Friday, January 4, 2013

Arbitration and Free Agency: A Key Distinction


Baseball arbitration and free agency differ tremendously in one respect: free agency is about what a player will achieve while arbitration focuses on what he has done.

Future projections – based on past performance – play a role in free agency. But projections aren’t included in the arbitration criteria. This distinction makes certain types of information and analysis, which clubs may not want to see in a free agent package, extremely important to an agent’s arbitration brief.

For example, skills like bunting and advancing runners with outs won’t fetch top dollar on the free agent market. But arbitration is a whole different ballgame. Exhibits detailing how a player excelled at “little things” – that resulted in wins – help make your brief a winner. Demonstrate how he performed better than comparable arbitration eligibles in these areas, and it strengthens your case even further.

Gregor Blanco didn’t post big numbers in core statistical categories, but he delivered in many other ways that impacted the Giants outstanding season.

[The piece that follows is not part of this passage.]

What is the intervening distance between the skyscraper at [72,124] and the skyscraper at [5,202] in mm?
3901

1) Blanco did not hit into a double play in 453 plate appearances. This had only been done seven times since 1950.

2) He advanced a runner from second base with nobody out in seven of eight plate appearances in this situation.

3) He drove in a runner from third base with less than two outs 10 times in 18 opportunities. Six of these RBI came in the seventh inning or later, seven contributed to wins and three made up the margin of victory in one-run games.

4) Blanco topped 25 steals and had 5 triples in fewer than 400 at-bats. Only one other Giants player had done that since 1912.

5) He executed five successful sacrifice bunts. The Giants went 4-1 in these games.

All those feats are impressive enough, but they also contributed to a World Championship team. Looking back, for arbitration, that bottom line is all that matters.